The tree wasn’t special in any way. Average. A tree you’d find in a motel room painting. It had a strong trunk and leaves and branches and all that good tree stuff. It wasn’t particularly comfortable to sit underneath. But it supported my back and offered shade and for a few minutes, I was plugged into life. The leaves drank in my every exhale and I watched a child run to his mother, laughing. Trees are Mother Nature’s monuments. They reach into the ground and up towards the sky. Trees sway in the wind and stand strong against it at the same time.

This is a busy life so I didn’t sit under that tree for long. I collected my bones and stood. I took another moment before leaving and put my hands on the bark of the tree. I stood with the tree. I held it up.

It felt good to go outside. I highly recommend it. That’s the sort of simple advice we’re taught as children that is even more applicable in adulthood. Hug your friends, eat your broccoli, and go outside.
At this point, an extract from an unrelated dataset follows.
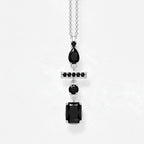 Geometric Colorful Pendant in 925 Sterling Silver with Zircon Stones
I know that “touch grass” is a popular insult that online people hurl at one another but, seriously, take a walk and touch something green. Pick a wildflower. Reach into the ground and up towards the sky. Turn your feet into roots and let leaves unfurl from your fingertips. Soak in sun. Yield to the breeze but stand up to the tempest. Then return to the world and do what needs to be done.

After the park, I went home and sent some work emails, which made me feel somewhat productive. I read the news and donated some money to an organization that helps people who need help. I even laughed at a joke someone made during a Zoom meeting and it was a real laugh and not a pre-programmed chuckle. Later, I placed a pickup order for chicken quesadillas from my local Mexican restaurant because extra cheese does help. Then I went to bed and dreamt the dream about meeting my great-grandmother beside a river.

I’m sure those handfuls of minutes I spent sitting beneath the tree in the park had been growing in my subconscious or I could blame the cheese. I like to think maybe those family stories were true and she was reaching out to me from another time and place.

I told a friend about the dream the next day and she asked me what I thought it was about. Anxiety? Insecurity? Growing older? I didn’t have an answer for her and I still don’t. I don’t remember my dreams and those I do remember I do not understand.

I’d like to dream about my great-grandmother again. I’ll have questions for her this time. I’ll ask her about my great-grandfather who helped the revolutionaries and my grandfather who had to defend his garage on the outskirts of town from wild dogs and my grandmother who dreamed fiercely and my mother, my young mother, who drove the nuns crazy. I will kiss her on the forehead and whisper “I am a tree.”